- ASSIGNED TASK
Could you print all the entries exactly?

[Data extracted from a collection]
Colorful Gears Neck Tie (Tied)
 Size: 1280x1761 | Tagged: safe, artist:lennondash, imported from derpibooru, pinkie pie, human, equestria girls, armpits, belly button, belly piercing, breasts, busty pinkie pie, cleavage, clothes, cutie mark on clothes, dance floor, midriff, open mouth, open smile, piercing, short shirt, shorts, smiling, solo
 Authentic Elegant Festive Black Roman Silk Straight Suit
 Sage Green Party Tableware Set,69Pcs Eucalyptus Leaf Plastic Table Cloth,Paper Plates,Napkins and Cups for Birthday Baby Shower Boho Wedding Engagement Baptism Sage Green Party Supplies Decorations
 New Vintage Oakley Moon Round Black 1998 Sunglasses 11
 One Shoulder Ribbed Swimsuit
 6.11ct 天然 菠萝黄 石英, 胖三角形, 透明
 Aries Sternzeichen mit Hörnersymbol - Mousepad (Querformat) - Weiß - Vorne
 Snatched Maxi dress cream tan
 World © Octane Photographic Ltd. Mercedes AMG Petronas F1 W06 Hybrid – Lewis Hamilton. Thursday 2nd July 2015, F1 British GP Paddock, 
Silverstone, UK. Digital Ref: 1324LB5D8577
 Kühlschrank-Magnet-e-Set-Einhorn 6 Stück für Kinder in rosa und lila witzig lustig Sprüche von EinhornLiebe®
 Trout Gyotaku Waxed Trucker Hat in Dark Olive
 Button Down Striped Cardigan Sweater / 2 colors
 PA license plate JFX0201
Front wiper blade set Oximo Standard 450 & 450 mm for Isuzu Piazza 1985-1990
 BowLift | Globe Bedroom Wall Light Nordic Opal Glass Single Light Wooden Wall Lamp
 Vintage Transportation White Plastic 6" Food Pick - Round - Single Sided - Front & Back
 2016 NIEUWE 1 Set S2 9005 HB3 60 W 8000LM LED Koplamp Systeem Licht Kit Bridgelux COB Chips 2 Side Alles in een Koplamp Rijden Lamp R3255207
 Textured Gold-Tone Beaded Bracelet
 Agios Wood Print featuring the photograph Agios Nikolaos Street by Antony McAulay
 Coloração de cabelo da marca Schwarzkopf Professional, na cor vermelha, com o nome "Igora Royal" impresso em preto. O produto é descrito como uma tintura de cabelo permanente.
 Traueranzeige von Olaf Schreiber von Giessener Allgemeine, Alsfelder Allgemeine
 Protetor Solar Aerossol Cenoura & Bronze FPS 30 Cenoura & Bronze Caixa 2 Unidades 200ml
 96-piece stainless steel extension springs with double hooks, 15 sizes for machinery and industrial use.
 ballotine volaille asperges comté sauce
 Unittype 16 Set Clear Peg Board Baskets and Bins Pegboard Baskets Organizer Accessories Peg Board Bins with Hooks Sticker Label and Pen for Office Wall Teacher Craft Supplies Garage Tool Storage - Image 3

- FINISHED TASK
Colorful Gears Neck Tie (Tied)
 Size: 1280x1761 | Tagged: safe, artist:lennondash, imported from derpibooru, pinkie pie, human, equestria girls, armpits, belly button, belly piercing, breasts, busty pinkie pie, cleavage, clothes, cutie mark on clothes, dance floor, midriff, open mouth, open smile, piercing, short shirt, shorts, smiling, solo
 Authentic Elegant Festive Black Roman Silk Straight Suit
 Sage Green Party Tableware Set,69Pcs Eucalyptus Leaf Plastic Table Cloth,Paper Plates,Napkins and Cups for Birthday Baby Shower Boho Wedding Engagement Baptism Sage Green Party Supplies Decorations
 New Vintage Oakley Moon Round Black 1998 Sunglasses 11
 One Shoulder Ribbed Swimsuit
 6.11ct 天然 菠萝黄 石英, 胖三角形, 透明
 Aries Sternzeichen mit Hörnersymbol - Mousepad (Querformat) - Weiß - Vorne
 Snatched Maxi dress cream tan
 World © Octane Photographic Ltd. Mercedes AMG Petronas F1 W06 Hybrid – Lewis Hamilton. Thursday 2nd July 2015, F1 British GP Paddock, 
Silverstone, UK. Digital Ref: 1324LB5D8577
 Kühlschrank-Magnet-e-Set-Einhorn 6 Stück für Kinder in rosa und lila witzig lustig Sprüche von EinhornLiebe®
 Trout Gyotaku Waxed Trucker Hat in Dark Olive
 Button Down Striped Cardigan Sweater / 2 colors
 PA license plate JFX0201
Front wiper blade set Oximo Standard 450 & 450 mm for Isuzu Piazza 1985-1990
 BowLift | Globe Bedroom Wall Light Nordic Opal Glass Single Light Wooden Wall Lamp
 Vintage Transportation White Plastic 6" Food Pick - Round - Single Sided - Front & Back
 2016 NIEUWE 1 Set S2 9005 HB3 60 W 8000LM LED Koplamp Systeem Licht Kit Bridgelux COB Chips 2 Side Alles in een Koplamp Rijden Lamp R3255207
 Textured Gold-Tone Beaded Bracelet
 Agios Wood Print featuring the photograph Agios Nikolaos Street by Antony McAulay
 Coloração de cabelo da marca Schwarzkopf Professional, na cor vermelha, com o nome "Igora Royal" impresso em preto. O produto é descrito como uma tintura de cabelo permanente.
 Traueranzeige von Olaf Schreiber von Giessener Allgemeine, Alsfelder Allgemeine
 Protetor Solar Aerossol Cenoura & Bronze FPS 30 Cenoura & Bronze Caixa 2 Unidades 200ml
 96-piece stainless steel extension springs with double hooks, 15 sizes for machinery and industrial use.
 ballotine volaille asperges comté sauce
 Unittype 16 Set Clear Peg Board Baskets and Bins Pegboard Baskets Organizer Accessories Peg Board Bins with Hooks Sticker Label and Pen for Office Wall Teacher Craft Supplies Garage Tool Storage - Image 3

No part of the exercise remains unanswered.